15  Machine Learning I: Introduction to Machine Learning

Section Learning Objectives
  • Introduction to machine learning
  • Simple example
  • More examples

This chapter and the next are heavily built on two chapters in Géron (2022) “Hands-On Machine Learning with Scikit-Learn, Keras & TensorFlow,” Third Edition. You can find a link to the GitHub page of this textbook at Geron GitHub

Géron, Aurélien. 2022. Hands-on Machine Learning with Scikit-Learn, Keras & Tensorflow. 3rd ed. O’Reilly Media.

Machine learning is ubiquitous. Machine learning algorithm guide your daily google searches, determine the way Netflix presents its offerings to you, guide your selections when shopping on sites such as Amazon, translate your spoken words into code that your Phone or any other of the many voice assistants can process further into meaningful services for you, drive Teslas semi-autonomous, or simply recognize your face on a photo you upload onto Facebook. These are just a few of the many many examples where Machine Learning has entered your life, whether you are aware of it or not.

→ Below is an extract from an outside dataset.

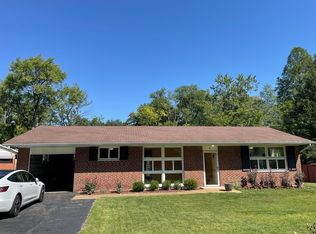 8 Bon Price Ter, Saint Louis, MO 63132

Brief History of Machine Learning

Brief History of Machine Learning

One of the earliest examples of a Machine Learning algorithm that you are familiar with is the Spam Filter. We will be using this example to further explain what machine learning does and how different machine learning algorithms can be classified.

15.1 Different Types of Machine Learning Algorithms

Machine learning algorithms can be classified according to the following criteria:

  1. Supervised vs. unsupervised vs. reinforcement learning

    Are they trained (estimated) with human supervision, without
    supervision, or do they reinforce actions based on rewards and
    penalties.
  2. Online vs. batch learning

     Do they learn incrementally as data becomes available or do
     they require "all of the data" at once
  3. Instance-based vs. model-based learning

     Do they compare new data points to known data points or do
     they detect patterns building a predictive model (based on
     parameters)

Let’s discuss this classification in some more detail. In supervised learning, the training set (i.e., data) you feed to the algorithm includes the desired outcome or solution, called label (i.e., the dependent or outcome variable). In other words, if you know what your outcome variable is, i.e., what it measures, then we say it has a label because you are able to classify the outcome variable according to some criteria.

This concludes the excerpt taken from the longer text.